Vienna Judenplatz: centuries & memories of the Jewish community

Above/featured: Judenplatz at night. The Holocaust memorial is in the foreground at centre. In the background are “To the little trinity” at centre and Misrachi House (Museum Judenplatz) at right. Photo, 10 Jun 2022.

At Judenplatz are clear visual reminders of the city’s first Jewish community in medieval times.

The first Jewish community in Vienna settled around present-day Judenplatz in the Middle Ages with mention in written documents dated mid- to late-13th century AD/CE. Daily Jewish life thrived around the Or-Sarua Synagogue, the Jewish School, and the Mikveh ritual bath.

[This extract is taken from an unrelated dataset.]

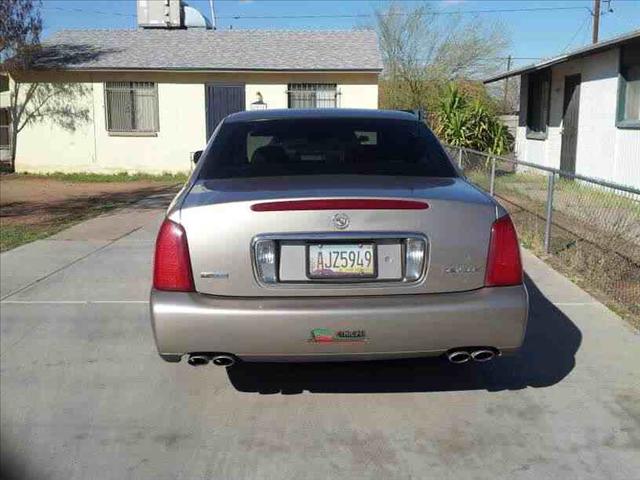 Cadillac Deville 2004 photo 3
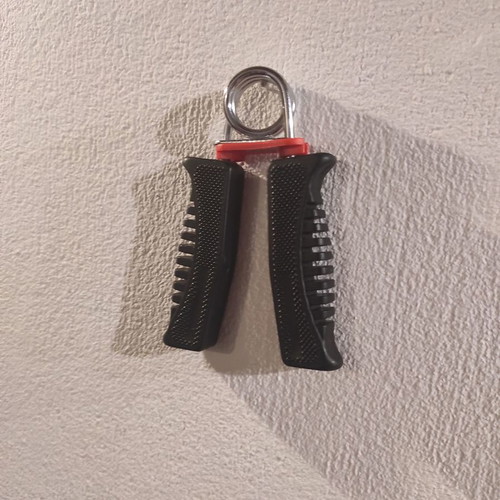 Hand gripper with spring new, 4.5 mm thickness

The community along with the surrounding Jewish neighbourhood came to an end with the Pogrom of 1421. Catholic Habsburg Duke Albrecht II rolled out a decree (Wiener Geserah, Vienna Gesera) which legitimatized the expulsion, incarceration, torture, and murder of some 800 Jewish residents; accompanied by destruction and forced takeover of buildings and property.

Below I highlight remnants and traces to the medieval Jewish community at this square in central Vienna.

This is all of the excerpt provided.